Sport Specialization Comes With Costs
The trend in youth sports is to push kids to specialize in one sport as early as 10 years old. (See ““Can Sport Specialization Cause Youth Injuries?“). The result is a huge increase in injuries like anterior cruciate ligament (ACL) tears and kids burning out on sports before they pick up their high school diploma.
“Kids are now doing the same sports as their heroes,” says Theodore Ganley from The Children’s Hospital of Philadelphia in a Time magazine report. “They’re doing things year-round, in multiple teams, in multiple leagues. Now they are getting the same injuries as their heroes.”
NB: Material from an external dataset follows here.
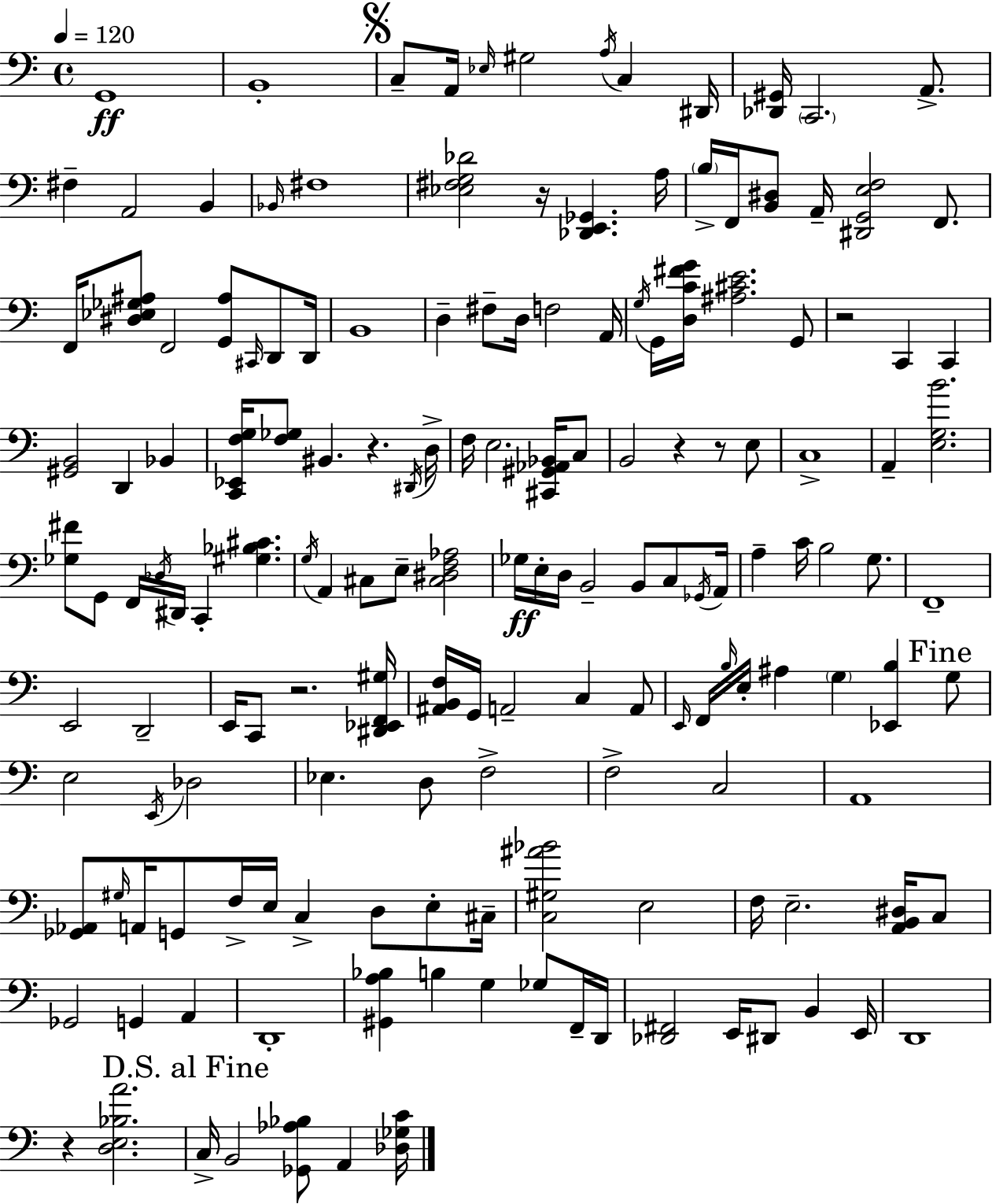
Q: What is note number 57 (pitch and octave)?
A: C#3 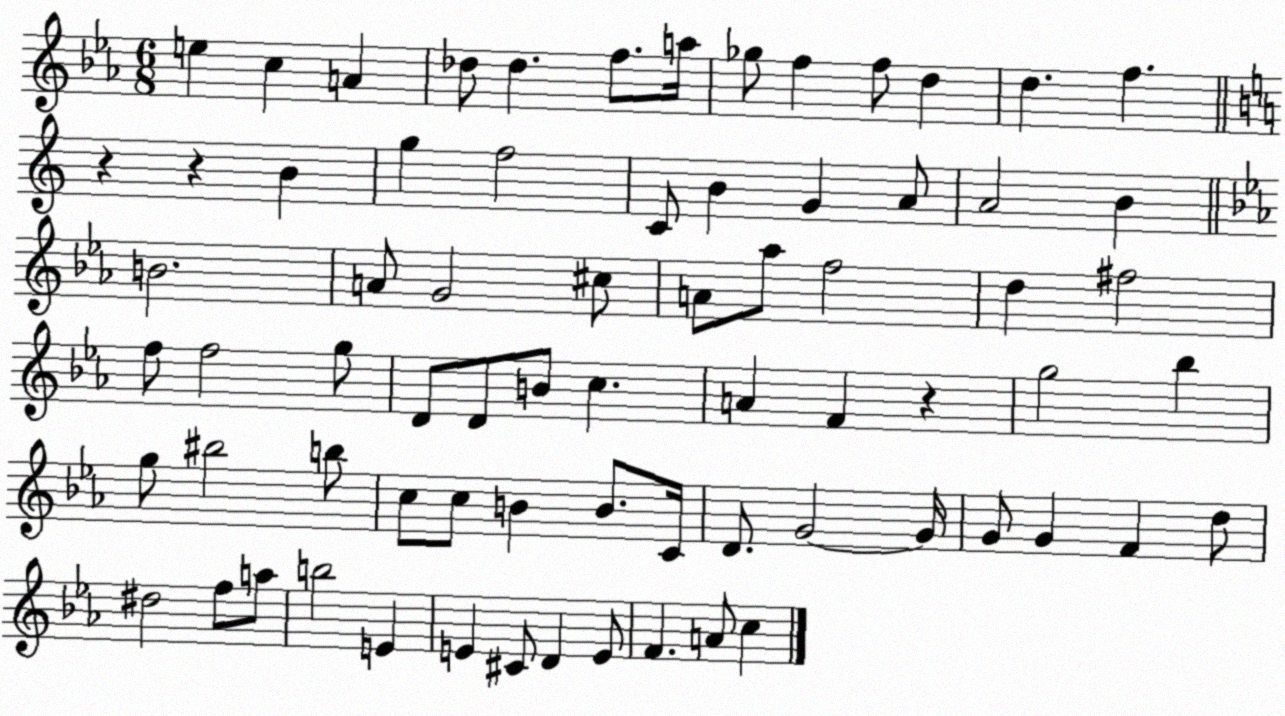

Parents, coaches, club sports administrators, and even some kids themselves, see year-round specialization as young athletes’ ticket to a college scholarship or professional sports career.
But many college and pro coaches, along with some of our country’s top athletes, believe this is a misguided approach.
“I am so grateful that I had the chance to, and was encouraged to, play more than just soccer,” says USA soccer star Abby Wambach. “It allowed my whole body to develop, not just those muscles I use in soccer. It helps you really get to know your body and what you can do as an athlete and I think it did help me reduce my injuries.”
The percentage of youth athletes that go on to play in college on a full athletic scholarship is below one percent. The chances of making the pros is minuscule. But overzealous adults, driven by ego and greed, are negatively changing the youth sports culture. As a result, way too many young athletes, who start out playing sports for fun, end up being damaged by their youth sports experience — physically and sometimes emotionally — because of increasing pressures to specialize in a single sport.
It’s the professionalization of youth sports and it needs to stop.
Let the kids play. And let them play more than one sport.
— Ken Reed, Sports Policy Director, League of Fans
Sports Forum Podcast
Episode #30 – League of Fans’ Sports Forum podcast: The State of College Athletics with Dr. David Ridpath: Problems and Potential Solutions – Ridpath is a sports administration professor at Ohio University and a long-time member of The Drake Group, a college sports reform think tank.
Listen on Listen on Apple Podcasts, Spotify, Google Podcasts, Anchor and others.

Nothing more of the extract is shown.